La commune du Buis renfermait deux paroisses rurales, l'une à Proyas et l'autre à Saint-Martin, qui ont été détruites pendant les guerres civiles.
La ville est défendue contre les eaux de l'Ouvèze par une digue de la longueur de 900 mètres, construite en 1776 : elle a 5 mètres de base sur 6 de hauteur, dont 2 pour les fondations.
Le Buis est mal bâti, mais il y a de belles promenades et surtout une esplanade, près de la digue, qui offre beaucoup d'agrément ; on y remarque aussi une place publique entourée de halles et plantée d'un double rang d'arbres. A la tête de cette place est une belle fontaine qui ne tarit jamais.
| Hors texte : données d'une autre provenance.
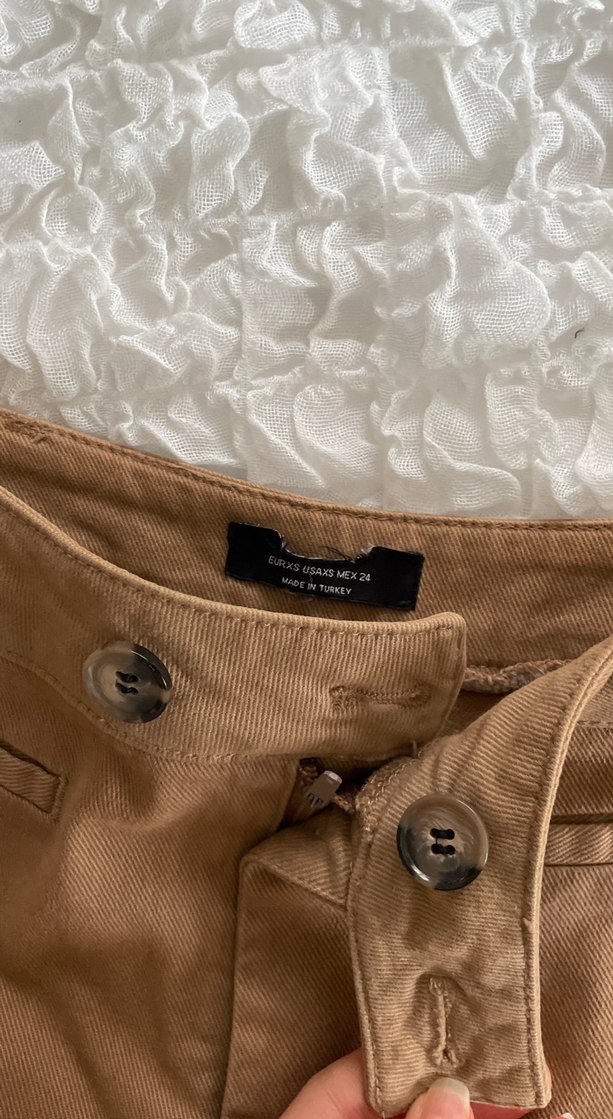 Taba renk yüksek bel wide leg jean - Görsel 5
Il y avait avant la révolution un bailliage qui avait pour ressort le pays des Baronnies, une subdélégation, un grenier à sel, un entrepôt général de tabac, un lieutenant de maréchaussée, une juridiction des traites et gabelles, une communauté de chirurgiens, une communauté de religieuses ursulines et un couvent de dominicains fondé, en 1294, par Reymond de Mévouillon, et confirmé par une bulle du pape Clément V du 13 novembre 1309 ; mais en 1793 le Buis perdit tous ses établissemens. Aujourd'hui, c'est le chef-lieu d'un canton ; il y a un bureau de poste, une brigade de gendarmerie à cheval et un bureau d'enregistrement.
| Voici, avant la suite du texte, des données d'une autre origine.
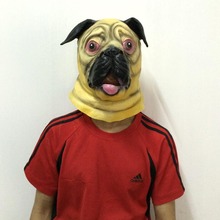 High Quality Pug Dog Head Mask Halloween Horror Performance Cosplay Latex Dog Masks 2024 - buy cheap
C'est la patrie d'Antoine Lemasson, secrétaire de la reine Marguerite de Valois, qui a donné des Commentaires sur le Dante, et en 1558 une traduction du Décaméron de Bocace plusieurs fois réimprimée, et dont la dernière édition, revue et corrigée, est de 1757, in-8°. On a encore de lui les Amours de Phidie et de Gélasine ; Lyon, 1550, in-8° ; une édition des Oeuvres de Jean Lemaire, in-fol., et une des Oeuvres de Clément Marot.